Belle-whisper-large-v3-zh-punct
Property | Value |
---|---|
License | Apache 2.0 |
Author | BELLE-2 |
Framework | PyTorch |
Task | Automatic Speech Recognition |
What is Belle-whisper-large-v3-zh-punct?
Belle-whisper-large-v3-zh-punct is an advanced Chinese ASR model that enhances the original Whisper large-v3 architecture with improved punctuation capabilities. This model maintains excellent performance on standard benchmarks while adding sophisticated punctuation mark handling derived from the punc_ct-transformer model.
Implementation Details
The model implements LoRA fine-tuning techniques on multiple Chinese speech datasets including AISHELL-1, AISHELL-2, WenetSpeech, and HKUST. It operates at a 16KHz sample rate and achieves impressive Character Error Rates (CER) across various benchmarks.

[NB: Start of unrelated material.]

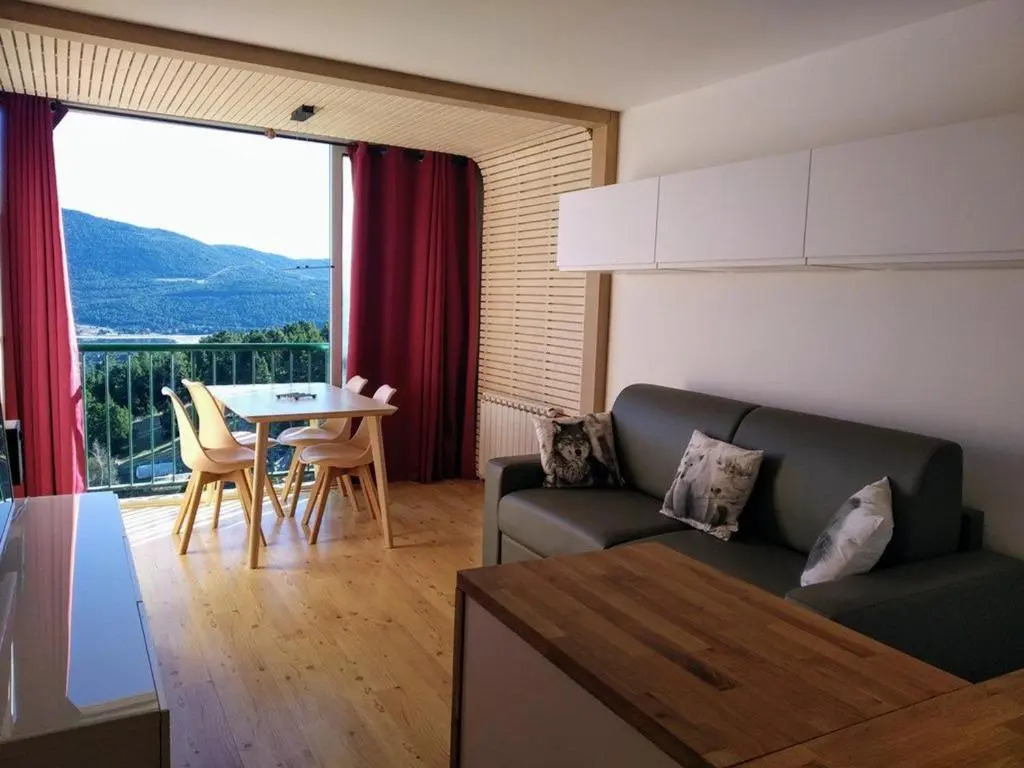 Appartement Les Angles, 2 pièces, 4 personnes - FR-1-593-44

- Advanced punctuation handling while maintaining base ASR performance
- Optimized for complex acoustic environments
- Demonstrates improved performance in meeting scenarios (10.973% CER on WenetSpeech meeting dataset)
Core Capabilities
- State-of-the-art Chinese speech recognition with CER as low as 2.945% on AISHELL-1
- Enhanced punctuation mark processing
- Robust performance across various acoustic environments
- Seamless integration with the Transformers pipeline
Frequently Asked Questions
Q: What makes this model unique?
This model uniquely combines high-quality Chinese ASR capabilities with enhanced punctuation handling, achieved through careful LoRA fine-tuning without compromising the base model's performance.
Q: What are the recommended use cases?
The model is particularly well-suited for Chinese speech transcription tasks requiring accurate punctuation, especially in challenging acoustic environments like meetings and complex audio scenarios.